From the very earliest days that men observed the stars, they could not help noticing that 'one star differeth from another star in glory,' and consequently they divided them into six classes, according to their brightness--classes which are commonly spoken of now as magnitudes. The ordinary 6th magnitude star is one which can be clearly seen by average sight on a good night, and it gives us about one-hundredth the light of an average 1st magnitude star. Sirius, the brightest of all the fixed stars, is called a 1st magnitude star, but is really some six or seven times as bright as the average.
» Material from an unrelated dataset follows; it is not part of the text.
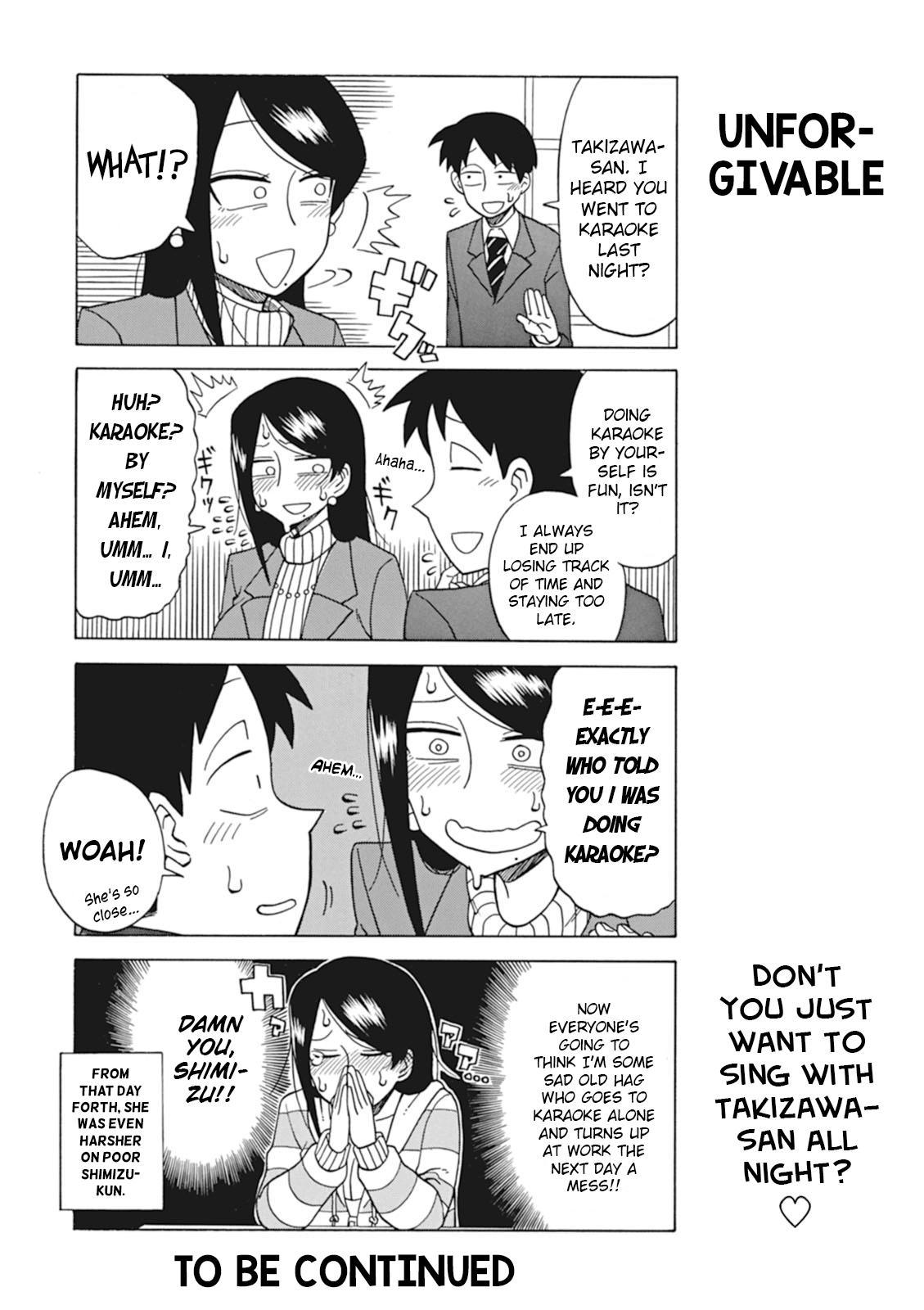 Read Bijin Onna Joushi Takizawa-san Manga Online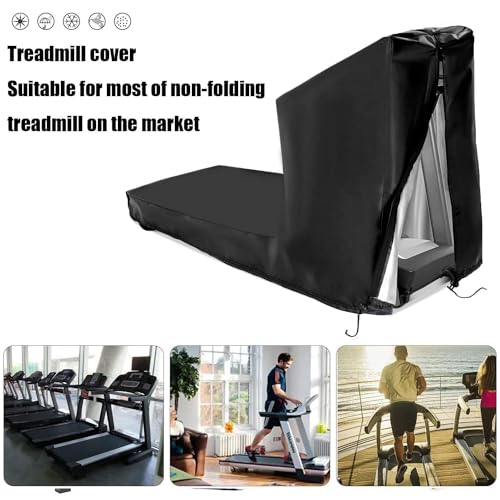 Image of Treadmill Cover, Waterproof Outdoor Treadmill Covers with Drawstring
It would take, therefore, more than two and a half million stars of the 14th magnitude to give as much light as Sirius.
It is evident that so searching a census as to embrace stars of the 14th magnitude would involve a most gigantic chart. But the work went on in more than one Observatory for a considerable time, until at last the observers entered on to the region of the Milky Way. Here the numbers of the stars presented to them were so great as to baffle all ordinary means of observation. What could be done?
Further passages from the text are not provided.